Thomas Schutte is an eminent German artist who shows frequently in Europe; this week, one of his sculptures was awarded a Golden Lion at the Venice Biennale. His last major exhibition in the U.S. was a three-part survey held at Dia Art Foundation from 1998 through 2000. Schutte’s investigation of the sculptor as part visionary and part technician has led him to create sculptural forms that often refer to theatrical props or architectural models.

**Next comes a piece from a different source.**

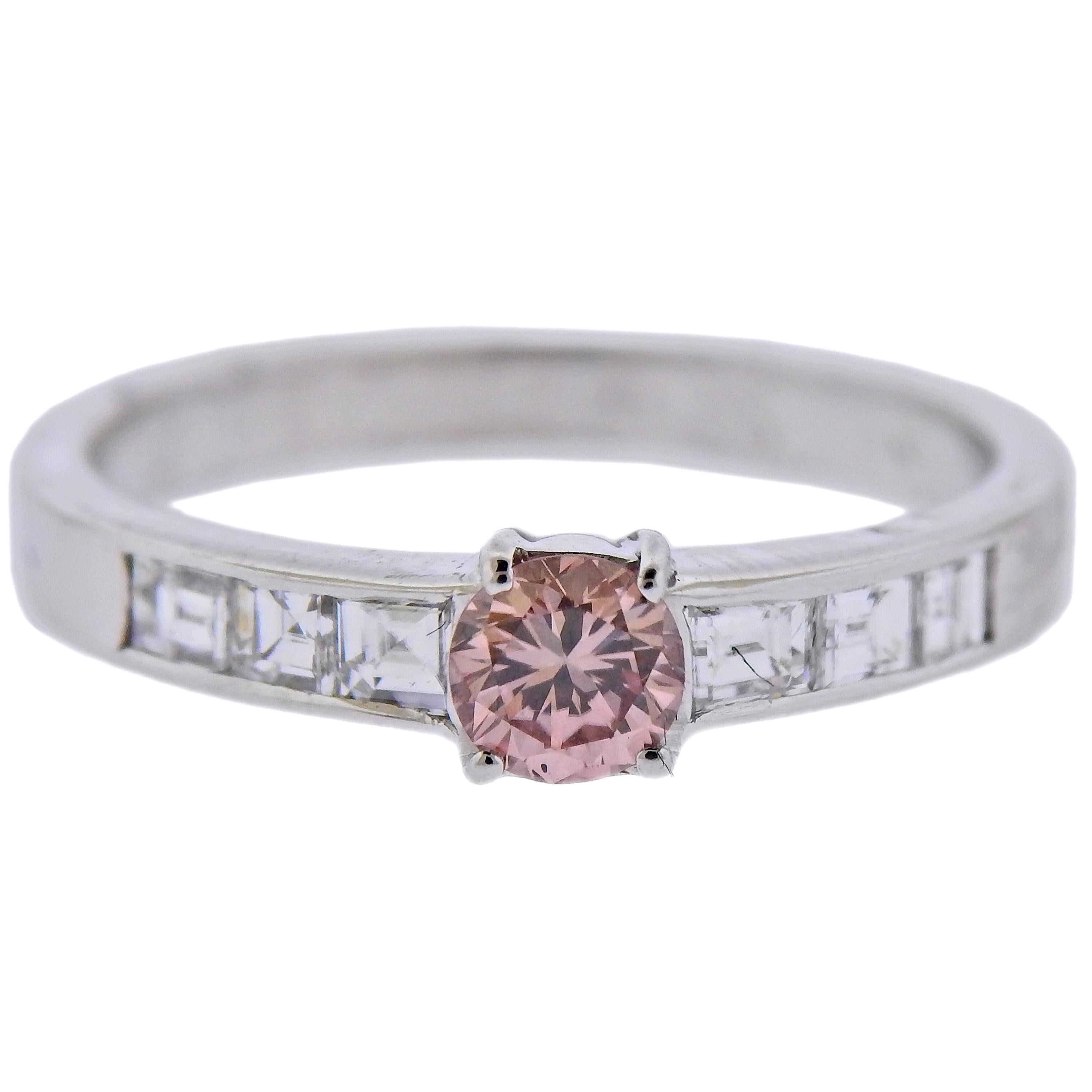 Fancy Pinkish Brown Diamond Gold Engagement Ring For Sale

Such is the case in his current show. Each of Schutte’s “One Man Houses,” created between 2003 and 2005, is a unique architectural conceit. Constructed of simple, industrially-produced materials such as plywood, lathe, and Plexiglas, their scale is 1:5. They rise one by one above their packing crate pedestals and fill the gallery like a colony of oversized dollhouses. A striking architectural motif that recurs is an immense circular form set into the side or top of the models. It protrudes half in and half out, like the gasket of a drum or one segment of an enormous bamboo steamer.
Elevated to waist height by the packing crates, the interiors are quite roomy. Stairs and skylights figure prominently. Light and space are priorities. Extravagantly high in proportion to floor space, the basic areas that constitute a house––living room, study, kitchen, bathroom––are presented on three levels. While a select repertoire of furnishings is schematically indicated––desk, table, bed––there are no personal effects. No garbage to take out, no grass to cut. Variously suggesting bachelor pad, prison cell or luxury loft, the “One Man Houses” are meant as real architectural models for one-man men.

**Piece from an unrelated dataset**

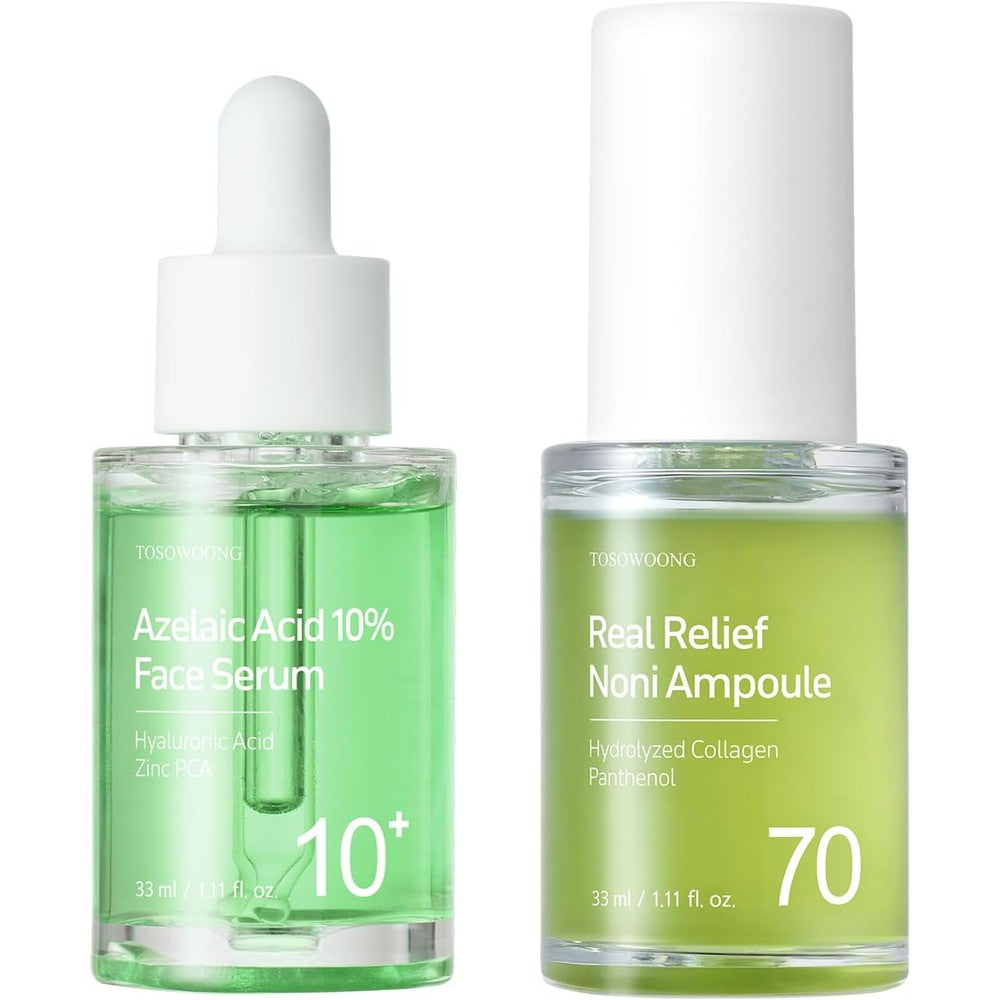 TOSOWOONG Soothing And Hydrating Duo Azelaic Acid 10 Percent Face Serum 33 Milliliters And Real Relief Noni Ampoule For Redness Relief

The earliest house, dated 2003, is quite different from the other five. This complex of small structures made of tin resembles a barracks, or even a display of antique cameras. Each dwelling is fitted with colored plexi doors and windows that don’t open. The ensemble sits on a mirrored surface.
Don’t miss the south gallery. Schutte has fitted it up as a living room, complete with table, lamps, vases and other furniture at full scale. But––surprise––all of these handsomely crafted objects are actually editioned sculptures, including a set of stencils used to decorate the walls with a manly floral motif.
Schutte’s practice is clearly grounded in Bauhaus precepts of European modernism. However, belonging to a generation of artists coming up during the 1980s, he smartly positioned his work in relation to the Minimalist notion that the viewer’s physicality, intellect and emotion are complicit with sculpture and its presentation. Many artists of that era energized their work with a sense of danger or paranoia; instead, Schutte risks engaging the viewer’s sense of humor. In this exhibition, some thoughtful ideas about masculinity and solitude are offered with wit and style.